A lot of filmmakers in the late 1970s wanted to get some of that sweet, sweet Star Wars money. That resulted in shitty cinema being overrun with Star Wars ripoffs — some much better than others. At the bottom of the scale is something like Cosmos: War of the Planets, while today’s film, The Shape of Things to Come, is about as compelling a ripoff as shitty cinema managed to produce.
From 1979, The Shape of Things to Come is a loose adaptation of the H.G. Wells novel of the same name. It’s the future. After Earth was devasted by The Robot Wars, mankind settled on the moon and elsewhere. A drug called Radic-Q2 is vital to humanity’s continued survival, but the supply comes from a single planet called Delta 3. After a cargo ship from Delta 3 crashes into the capital city on the moon, New Washington, it is revealed that Delta 3, and all Radic-Q2 production, has been seized by the evil Omus (Jack Palance). We know that Omus is evil, not just because he was responsible for slamming a spaceship into a populated city, or that afterwards he holds an entire civilization hostage, but because he wears a cape. Everyone in this movie wears super-shiny futuristic space clothes, but only Omus accessorizes with a cape. It’s purple, too.
Palance dominates this film. His is not the main character, or even the most prominently featured supporting character, but the man knew how to play a hammy bad guy. This performance doesn’t approach the extreme absurdity of his performance as crime boss Carl Grissom in Batman, but there are glimmers. I’m not sure if it’s possible for Palance to not eye anyone up like they’re a steak dinner. His eyes glisten and widen, he breaks out into an unholy sneer, and it doesn’t matter what line follows forth from his lips. It’s predatory.
Palance is joined in the film by Barry Morse as Dr. Caball, Nicholas Campbell as space buckaroo Jason Caball, and Anne-Marie Martin as Kim Smedley, the sensible one. These three, accompanied by one of the clumsier robots one will see in a science fiction film, set off for Delta 3 in an experimental spaceship called the Starstreak to confront Omus and secure the supply of Radic-Q2.

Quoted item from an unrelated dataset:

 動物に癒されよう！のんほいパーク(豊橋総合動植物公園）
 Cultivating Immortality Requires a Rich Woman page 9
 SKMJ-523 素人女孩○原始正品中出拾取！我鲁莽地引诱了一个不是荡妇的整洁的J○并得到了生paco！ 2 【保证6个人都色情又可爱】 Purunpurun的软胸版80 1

Meanwhile, things are not going perfectly smooth for Omus on Delta 3. His little coup is being met with resistance by the local population, led by the deposed governor, Niki (Carol Lynley). Their plight is such that they are reduced to fighting Omus’s robots with spears. I suspect this might have more to do with budgetary restrictions than anything else, but the production did have enough money for model work and a whole platoon of silly robots.
About those robots. They look like they began life with the production team purchasing a dozen or so garbage cans and lengths of plastic articulating drainpipe from the hardware store, and going from there. Some doodads were glued on, and then the whole kit and caboodle was dropped over performers’ heads. Let loose on the set, these robots bounce around like they’re in a Milwaukee Brewers sausage race. It’s astoundingly shitty, and worth the price of admission, alone.
Another fantastic moment of shitty comes early on in the film when the Starstreak encounters mechanical trouble. Our heroes are already on their way to Delta 3 (from the moon, remember), but then decide they have to land on the Earth, because for some reason that defies logic it’s the closest place where the ship can be fixed. While there, Jason and Kim encounter a group of children suffering radiation sickness that can only be cured by Radic-Q2. Thus, the stakes of the film are increased. Fine, but then the intrepid heroes go back aboard their spaceship and continue on with the mission, with no indication given, at all, that their ship was repaired. That plot point, which was really only good for extending the running time, anyway, was just dropped.
Finally, the two groups of good guys meet to do battle with Omus and his legions, and it goes as one would expect. It’s the not plot or resolution that makes this movie worth watching. It’s just packed end to end with glorious shittiness. It might not be as good of a film as Alien: Resurrection, but The Shape of Things to Come is a wonderful shitty movie watch.